Action item: In the records that follow, the lines from the one containing "Bed in Grand Central" to the one containing "StadiumOfLight's tweet image.", inclusive, are to be given again exactly.

────────────────

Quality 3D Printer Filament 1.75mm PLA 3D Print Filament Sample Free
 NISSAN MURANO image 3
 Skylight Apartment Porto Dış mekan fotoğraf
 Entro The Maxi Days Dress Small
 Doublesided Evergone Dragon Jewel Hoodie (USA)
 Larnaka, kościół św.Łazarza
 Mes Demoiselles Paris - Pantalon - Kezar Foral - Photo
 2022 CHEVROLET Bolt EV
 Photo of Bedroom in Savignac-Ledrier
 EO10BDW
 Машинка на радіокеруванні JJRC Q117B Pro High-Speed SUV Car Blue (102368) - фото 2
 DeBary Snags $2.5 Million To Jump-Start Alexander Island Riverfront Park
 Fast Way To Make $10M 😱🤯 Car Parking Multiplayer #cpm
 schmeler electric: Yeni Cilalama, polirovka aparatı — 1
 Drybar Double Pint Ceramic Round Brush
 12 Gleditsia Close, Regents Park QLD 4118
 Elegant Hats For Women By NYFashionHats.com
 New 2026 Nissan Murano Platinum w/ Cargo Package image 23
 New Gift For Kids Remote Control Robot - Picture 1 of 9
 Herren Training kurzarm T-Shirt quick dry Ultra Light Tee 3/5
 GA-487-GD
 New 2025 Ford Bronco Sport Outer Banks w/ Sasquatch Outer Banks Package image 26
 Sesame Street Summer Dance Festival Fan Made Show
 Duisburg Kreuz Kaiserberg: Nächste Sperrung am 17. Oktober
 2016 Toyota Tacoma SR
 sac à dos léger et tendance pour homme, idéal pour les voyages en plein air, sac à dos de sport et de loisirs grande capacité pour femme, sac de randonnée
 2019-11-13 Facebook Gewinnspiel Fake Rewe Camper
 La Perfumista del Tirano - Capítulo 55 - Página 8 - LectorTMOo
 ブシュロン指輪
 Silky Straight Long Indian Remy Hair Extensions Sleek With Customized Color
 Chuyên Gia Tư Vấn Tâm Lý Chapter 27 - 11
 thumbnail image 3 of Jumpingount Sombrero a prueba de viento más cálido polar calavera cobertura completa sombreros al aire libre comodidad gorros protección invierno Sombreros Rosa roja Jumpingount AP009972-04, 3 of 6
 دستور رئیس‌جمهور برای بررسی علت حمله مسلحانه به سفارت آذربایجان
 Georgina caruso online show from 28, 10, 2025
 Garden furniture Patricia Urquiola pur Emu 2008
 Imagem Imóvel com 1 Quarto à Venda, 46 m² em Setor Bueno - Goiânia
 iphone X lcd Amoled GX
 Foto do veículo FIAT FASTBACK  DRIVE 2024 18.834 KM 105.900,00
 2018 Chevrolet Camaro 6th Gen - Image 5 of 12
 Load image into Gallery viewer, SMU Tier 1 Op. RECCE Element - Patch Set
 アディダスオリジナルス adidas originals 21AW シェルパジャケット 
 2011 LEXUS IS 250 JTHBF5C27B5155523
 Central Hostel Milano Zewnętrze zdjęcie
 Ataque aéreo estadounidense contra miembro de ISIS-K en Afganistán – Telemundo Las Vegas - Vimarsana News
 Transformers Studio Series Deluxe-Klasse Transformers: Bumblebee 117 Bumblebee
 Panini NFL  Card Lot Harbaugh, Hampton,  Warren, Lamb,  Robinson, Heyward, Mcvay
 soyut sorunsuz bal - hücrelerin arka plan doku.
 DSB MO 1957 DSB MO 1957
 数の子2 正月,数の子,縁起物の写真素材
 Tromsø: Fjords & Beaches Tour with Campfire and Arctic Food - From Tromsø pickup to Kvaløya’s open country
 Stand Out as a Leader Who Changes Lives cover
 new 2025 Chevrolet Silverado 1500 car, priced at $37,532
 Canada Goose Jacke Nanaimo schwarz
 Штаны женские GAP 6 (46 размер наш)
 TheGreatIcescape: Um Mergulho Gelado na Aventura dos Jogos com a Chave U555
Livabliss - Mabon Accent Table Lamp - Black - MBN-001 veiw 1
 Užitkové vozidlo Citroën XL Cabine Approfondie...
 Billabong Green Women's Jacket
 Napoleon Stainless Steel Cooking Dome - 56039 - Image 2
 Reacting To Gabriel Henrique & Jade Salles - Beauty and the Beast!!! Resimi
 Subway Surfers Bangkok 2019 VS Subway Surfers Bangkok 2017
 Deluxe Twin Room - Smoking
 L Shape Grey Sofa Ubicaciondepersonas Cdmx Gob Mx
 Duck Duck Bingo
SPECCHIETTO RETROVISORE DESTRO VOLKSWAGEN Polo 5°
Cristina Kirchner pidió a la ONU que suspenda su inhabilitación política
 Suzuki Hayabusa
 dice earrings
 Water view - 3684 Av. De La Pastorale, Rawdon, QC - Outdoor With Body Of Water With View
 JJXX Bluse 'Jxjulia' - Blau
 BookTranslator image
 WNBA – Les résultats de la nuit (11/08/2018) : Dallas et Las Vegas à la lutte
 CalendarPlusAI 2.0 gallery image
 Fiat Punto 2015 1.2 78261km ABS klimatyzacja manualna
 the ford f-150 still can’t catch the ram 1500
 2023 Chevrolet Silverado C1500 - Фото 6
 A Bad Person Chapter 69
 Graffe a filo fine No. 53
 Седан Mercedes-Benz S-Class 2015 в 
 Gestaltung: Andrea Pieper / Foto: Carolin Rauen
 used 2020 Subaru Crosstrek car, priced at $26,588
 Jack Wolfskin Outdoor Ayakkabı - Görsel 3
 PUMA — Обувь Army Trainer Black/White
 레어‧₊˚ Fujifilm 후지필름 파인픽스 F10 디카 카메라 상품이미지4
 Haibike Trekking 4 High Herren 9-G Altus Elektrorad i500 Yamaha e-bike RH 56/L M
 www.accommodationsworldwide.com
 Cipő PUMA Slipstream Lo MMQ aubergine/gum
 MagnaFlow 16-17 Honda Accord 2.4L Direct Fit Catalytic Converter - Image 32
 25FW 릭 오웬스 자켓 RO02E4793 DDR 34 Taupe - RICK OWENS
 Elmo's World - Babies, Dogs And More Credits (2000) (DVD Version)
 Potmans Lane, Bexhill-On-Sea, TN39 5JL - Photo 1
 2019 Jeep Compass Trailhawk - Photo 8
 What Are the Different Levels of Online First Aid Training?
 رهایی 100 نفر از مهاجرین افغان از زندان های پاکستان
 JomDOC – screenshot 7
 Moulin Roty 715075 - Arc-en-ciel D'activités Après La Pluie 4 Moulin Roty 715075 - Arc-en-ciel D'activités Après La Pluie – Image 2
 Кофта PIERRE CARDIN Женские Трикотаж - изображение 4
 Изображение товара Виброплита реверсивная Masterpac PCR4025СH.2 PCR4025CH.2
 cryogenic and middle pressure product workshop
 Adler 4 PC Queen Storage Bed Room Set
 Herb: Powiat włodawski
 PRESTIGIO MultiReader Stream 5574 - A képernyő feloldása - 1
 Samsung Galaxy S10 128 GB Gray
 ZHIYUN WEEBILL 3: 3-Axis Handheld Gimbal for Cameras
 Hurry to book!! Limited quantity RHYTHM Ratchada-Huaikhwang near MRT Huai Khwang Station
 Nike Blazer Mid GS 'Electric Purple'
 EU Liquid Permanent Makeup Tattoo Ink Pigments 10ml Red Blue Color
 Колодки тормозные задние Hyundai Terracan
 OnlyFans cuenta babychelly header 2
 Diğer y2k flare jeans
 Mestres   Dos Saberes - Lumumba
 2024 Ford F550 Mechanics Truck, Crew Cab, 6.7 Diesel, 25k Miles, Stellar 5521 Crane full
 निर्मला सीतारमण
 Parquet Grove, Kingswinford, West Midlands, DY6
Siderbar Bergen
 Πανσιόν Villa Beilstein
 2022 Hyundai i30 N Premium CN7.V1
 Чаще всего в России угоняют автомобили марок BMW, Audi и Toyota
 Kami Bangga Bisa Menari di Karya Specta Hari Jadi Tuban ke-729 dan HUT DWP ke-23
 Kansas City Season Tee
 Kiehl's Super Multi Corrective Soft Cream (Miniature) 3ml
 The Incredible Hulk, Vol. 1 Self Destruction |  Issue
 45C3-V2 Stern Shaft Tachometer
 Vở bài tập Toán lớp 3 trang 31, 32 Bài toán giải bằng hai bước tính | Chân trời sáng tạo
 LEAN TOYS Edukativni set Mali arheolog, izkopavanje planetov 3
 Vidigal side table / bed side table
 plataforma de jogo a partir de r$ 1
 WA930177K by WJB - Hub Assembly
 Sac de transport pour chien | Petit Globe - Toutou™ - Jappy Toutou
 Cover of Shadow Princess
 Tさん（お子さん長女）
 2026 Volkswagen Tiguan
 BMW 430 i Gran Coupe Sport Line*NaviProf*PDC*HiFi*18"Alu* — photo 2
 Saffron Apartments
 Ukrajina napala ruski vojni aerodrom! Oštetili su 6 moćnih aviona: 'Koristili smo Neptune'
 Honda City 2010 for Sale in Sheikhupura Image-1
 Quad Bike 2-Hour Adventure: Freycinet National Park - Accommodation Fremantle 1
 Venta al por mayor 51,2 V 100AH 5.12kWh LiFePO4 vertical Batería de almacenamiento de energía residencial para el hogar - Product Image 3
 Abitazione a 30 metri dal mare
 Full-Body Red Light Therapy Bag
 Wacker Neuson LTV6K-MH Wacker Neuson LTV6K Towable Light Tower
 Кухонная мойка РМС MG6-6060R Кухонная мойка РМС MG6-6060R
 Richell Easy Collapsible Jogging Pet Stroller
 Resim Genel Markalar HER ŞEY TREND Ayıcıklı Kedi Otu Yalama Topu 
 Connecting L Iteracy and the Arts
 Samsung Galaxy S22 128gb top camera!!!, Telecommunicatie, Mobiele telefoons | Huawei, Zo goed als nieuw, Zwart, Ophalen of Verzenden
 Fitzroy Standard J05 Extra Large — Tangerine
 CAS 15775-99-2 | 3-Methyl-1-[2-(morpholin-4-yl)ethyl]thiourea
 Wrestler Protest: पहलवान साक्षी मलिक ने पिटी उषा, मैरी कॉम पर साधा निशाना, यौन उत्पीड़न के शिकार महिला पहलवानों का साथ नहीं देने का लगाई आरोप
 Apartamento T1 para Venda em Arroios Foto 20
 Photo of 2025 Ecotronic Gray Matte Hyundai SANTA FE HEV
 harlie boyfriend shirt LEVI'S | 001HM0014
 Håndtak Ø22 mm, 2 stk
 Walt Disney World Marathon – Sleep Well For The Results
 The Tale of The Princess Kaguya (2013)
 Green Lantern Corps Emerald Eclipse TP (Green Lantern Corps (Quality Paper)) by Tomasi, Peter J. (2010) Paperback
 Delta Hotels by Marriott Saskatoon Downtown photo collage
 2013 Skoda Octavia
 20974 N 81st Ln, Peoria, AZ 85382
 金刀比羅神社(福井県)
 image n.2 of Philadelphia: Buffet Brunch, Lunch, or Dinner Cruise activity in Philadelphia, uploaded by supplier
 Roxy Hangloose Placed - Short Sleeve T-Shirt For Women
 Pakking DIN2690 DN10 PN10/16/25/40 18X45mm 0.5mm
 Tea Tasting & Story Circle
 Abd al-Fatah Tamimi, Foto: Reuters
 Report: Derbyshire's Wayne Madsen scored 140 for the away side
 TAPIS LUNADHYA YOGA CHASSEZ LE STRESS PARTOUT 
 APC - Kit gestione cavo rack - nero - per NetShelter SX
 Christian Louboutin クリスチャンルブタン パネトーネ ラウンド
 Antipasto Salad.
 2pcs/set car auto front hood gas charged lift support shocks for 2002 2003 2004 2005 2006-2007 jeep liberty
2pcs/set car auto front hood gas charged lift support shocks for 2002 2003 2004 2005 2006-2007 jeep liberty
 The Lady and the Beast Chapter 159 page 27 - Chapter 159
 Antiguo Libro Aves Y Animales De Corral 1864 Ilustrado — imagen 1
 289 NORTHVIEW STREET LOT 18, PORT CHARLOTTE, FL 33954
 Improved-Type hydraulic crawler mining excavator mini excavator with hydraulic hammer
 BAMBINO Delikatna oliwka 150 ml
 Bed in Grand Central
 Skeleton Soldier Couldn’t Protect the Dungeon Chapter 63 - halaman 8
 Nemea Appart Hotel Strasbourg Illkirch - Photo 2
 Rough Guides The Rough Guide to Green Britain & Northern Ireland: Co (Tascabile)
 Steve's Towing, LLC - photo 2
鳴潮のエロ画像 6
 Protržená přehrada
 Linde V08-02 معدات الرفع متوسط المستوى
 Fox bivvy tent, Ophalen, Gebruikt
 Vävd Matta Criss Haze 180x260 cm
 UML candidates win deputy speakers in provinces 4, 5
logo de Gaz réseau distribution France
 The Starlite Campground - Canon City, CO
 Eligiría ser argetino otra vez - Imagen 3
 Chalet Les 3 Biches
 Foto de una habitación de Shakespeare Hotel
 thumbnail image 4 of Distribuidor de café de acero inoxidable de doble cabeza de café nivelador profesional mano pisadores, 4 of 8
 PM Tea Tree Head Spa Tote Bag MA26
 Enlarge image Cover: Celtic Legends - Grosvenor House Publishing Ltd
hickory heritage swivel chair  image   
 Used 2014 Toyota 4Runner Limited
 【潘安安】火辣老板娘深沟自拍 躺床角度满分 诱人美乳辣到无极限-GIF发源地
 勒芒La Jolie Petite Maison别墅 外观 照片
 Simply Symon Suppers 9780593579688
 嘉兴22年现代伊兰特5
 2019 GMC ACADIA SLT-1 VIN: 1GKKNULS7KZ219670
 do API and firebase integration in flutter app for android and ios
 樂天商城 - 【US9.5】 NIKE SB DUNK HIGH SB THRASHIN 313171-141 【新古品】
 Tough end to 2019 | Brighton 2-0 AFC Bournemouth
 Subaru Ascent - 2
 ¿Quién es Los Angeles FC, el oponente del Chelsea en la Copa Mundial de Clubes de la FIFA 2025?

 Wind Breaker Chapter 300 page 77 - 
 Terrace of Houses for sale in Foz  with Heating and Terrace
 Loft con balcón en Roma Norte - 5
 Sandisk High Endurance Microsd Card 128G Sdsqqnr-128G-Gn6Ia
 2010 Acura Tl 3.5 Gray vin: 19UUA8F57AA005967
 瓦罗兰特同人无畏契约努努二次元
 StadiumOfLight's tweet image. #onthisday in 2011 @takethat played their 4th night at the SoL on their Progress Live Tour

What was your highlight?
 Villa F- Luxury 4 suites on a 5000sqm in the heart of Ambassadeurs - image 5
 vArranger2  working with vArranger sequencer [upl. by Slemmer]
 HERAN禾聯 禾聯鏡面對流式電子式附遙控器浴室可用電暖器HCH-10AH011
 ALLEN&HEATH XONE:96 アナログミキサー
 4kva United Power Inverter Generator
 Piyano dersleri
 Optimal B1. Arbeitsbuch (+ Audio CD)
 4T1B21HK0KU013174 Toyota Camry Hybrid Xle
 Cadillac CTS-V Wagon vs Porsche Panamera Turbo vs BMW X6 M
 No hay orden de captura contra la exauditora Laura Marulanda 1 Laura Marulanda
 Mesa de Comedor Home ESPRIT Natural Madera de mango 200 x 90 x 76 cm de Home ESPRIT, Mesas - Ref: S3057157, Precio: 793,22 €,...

────────────────

Result:
 Bed in Grand Central
 Skeleton Soldier Couldn’t Protect the Dungeon Chapter 63 - halaman 8
 Nemea Appart Hotel Strasbourg Illkirch - Photo 2
 Rough Guides The Rough Guide to Green Britain & Northern Ireland: Co (Tascabile)
 Steve's Towing, LLC - photo 2
鳴潮のエロ画像 6
 Protržená přehrada
 Linde V08-02 معدات الرفع متوسط المستوى
 Fox bivvy tent, Ophalen, Gebruikt
 Vävd Matta Criss Haze 180x260 cm
 UML candidates win deputy speakers in provinces 4, 5
logo de Gaz réseau distribution France
 The Starlite Campground - Canon City, CO
 Eligiría ser argetino otra vez - Imagen 3
 Chalet Les 3 Biches
 Foto de una habitación de Shakespeare Hotel
 thumbnail image 4 of Distribuidor de café de acero inoxidable de doble cabeza de café nivelador profesional mano pisadores, 4 of 8
 PM Tea Tree Head Spa Tote Bag MA26
 Enlarge image Cover: Celtic Legends - Grosvenor House Publishing Ltd
hickory heritage swivel chair  image   
 Used 2014 Toyota 4Runner Limited
 【潘安安】火辣老板娘深沟自拍 躺床角度满分 诱人美乳辣到无极限-GIF发源地
 勒芒La Jolie Petite Maison别墅 外观 照片
 Simply Symon Suppers 9780593579688
 嘉兴22年现代伊兰特5
 2019 GMC ACADIA SLT-1 VIN: 1GKKNULS7KZ219670
 do API and firebase integration in flutter app for android and ios
 樂天商城 - 【US9.5】 NIKE SB DUNK HIGH SB THRASHIN 313171-141 【新古品】
 Tough end to 2019 | Brighton 2-0 AFC Bournemouth
 Subaru Ascent - 2
 ¿Quién es Los Angeles FC, el oponente del Chelsea en la Copa Mundial de Clubes de la FIFA 2025?

 Wind Breaker Chapter 300 page 77 - 
 Terrace of Houses for sale in Foz  with Heating and Terrace
 Loft con balcón en Roma Norte - 5
 Sandisk High Endurance Microsd Card 128G Sdsqqnr-128G-Gn6Ia
 2010 Acura Tl 3.5 Gray vin: 19UUA8F57AA005967
 瓦罗兰特同人无畏契约努努二次元
 StadiumOfLight's tweet image. #onthisday in 2011 @takethat played their 4th night at the SoL on their Progress Live Tour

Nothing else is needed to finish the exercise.